While none of the three women in "Everyday Use" change, as you say, from beginning to end, the mother reaches a realization near the end of the story, and, thus, she is the only character who may be termed dynamic.
In this humorous story, Dee, who thinks she has gone back to her African roots by changing her name to Wangero Leewanika Kemanjo, arrives from at the home of her youth where she hopes to pick up heirlooms that she can put on display upon her return to the city where she now dwells. She claims items in the house that she wants, even the quilts which Mama has promised to her meek sister, Maggie. Having been conditioned to not get what she wants, Maggie acquiesces and tells Dee that she may have the quilts. It is at this point that the mother finally sees the girls clearly. For, she realizes that Maggie understands that heirlooms are meant to be used out of respect for them, and she will use the quilts. Dee, on the other hand, will merely display them as artifacts. As such, the quilts and all that Dee takes will be reduced to some museum piece without life and meaning.

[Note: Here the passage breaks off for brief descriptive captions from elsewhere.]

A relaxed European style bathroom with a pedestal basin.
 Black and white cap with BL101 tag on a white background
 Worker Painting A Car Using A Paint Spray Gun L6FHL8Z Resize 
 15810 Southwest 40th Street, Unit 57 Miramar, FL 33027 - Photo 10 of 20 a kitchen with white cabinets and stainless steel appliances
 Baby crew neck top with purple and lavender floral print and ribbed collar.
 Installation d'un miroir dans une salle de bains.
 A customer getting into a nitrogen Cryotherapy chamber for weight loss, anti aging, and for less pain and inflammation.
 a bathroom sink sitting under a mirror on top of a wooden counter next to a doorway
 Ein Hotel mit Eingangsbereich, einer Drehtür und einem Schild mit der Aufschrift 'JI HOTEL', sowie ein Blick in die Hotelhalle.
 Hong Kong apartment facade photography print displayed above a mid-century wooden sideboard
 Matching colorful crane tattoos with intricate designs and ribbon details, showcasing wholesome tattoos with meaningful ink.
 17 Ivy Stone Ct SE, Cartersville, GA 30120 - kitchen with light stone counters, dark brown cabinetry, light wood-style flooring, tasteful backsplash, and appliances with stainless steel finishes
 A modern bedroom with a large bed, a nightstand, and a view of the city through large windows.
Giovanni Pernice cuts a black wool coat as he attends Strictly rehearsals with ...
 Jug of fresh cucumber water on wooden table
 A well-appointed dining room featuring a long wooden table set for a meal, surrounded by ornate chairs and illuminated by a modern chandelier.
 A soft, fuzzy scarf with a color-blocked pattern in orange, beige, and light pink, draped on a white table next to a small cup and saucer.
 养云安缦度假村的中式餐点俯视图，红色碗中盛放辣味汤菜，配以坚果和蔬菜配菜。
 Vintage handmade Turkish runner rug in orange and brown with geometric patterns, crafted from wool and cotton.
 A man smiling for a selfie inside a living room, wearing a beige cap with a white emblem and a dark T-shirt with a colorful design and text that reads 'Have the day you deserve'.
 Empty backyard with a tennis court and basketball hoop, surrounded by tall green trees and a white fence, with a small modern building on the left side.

Quickly snatching the quilts from Dee, Mama hands them to Maggie. Maggie, like her mother, sees history in their possessions. She and her mother see the work of hands that belonged to family members, work that should stay alive with "everyday use." Dee does not see this; to her history is merely in appearances. Clearly, the desire of Dee to make the quilts mere items of appearance has given Mama an insight into Maggie, who has respect for the items which she has used all her life. As a result, her maternal sympathies have changed toward Maggie, indicating also where Alice Walker's sympathies lie.
Miss Walker, who also suffered as injury as does Maggie, joined the Civil Rights Movement as does Dee. But, Miss Walker staunchly defends the oral tradition of her people. And, this story attests to this belief as the quilts must remain functional, not merely historical hangings.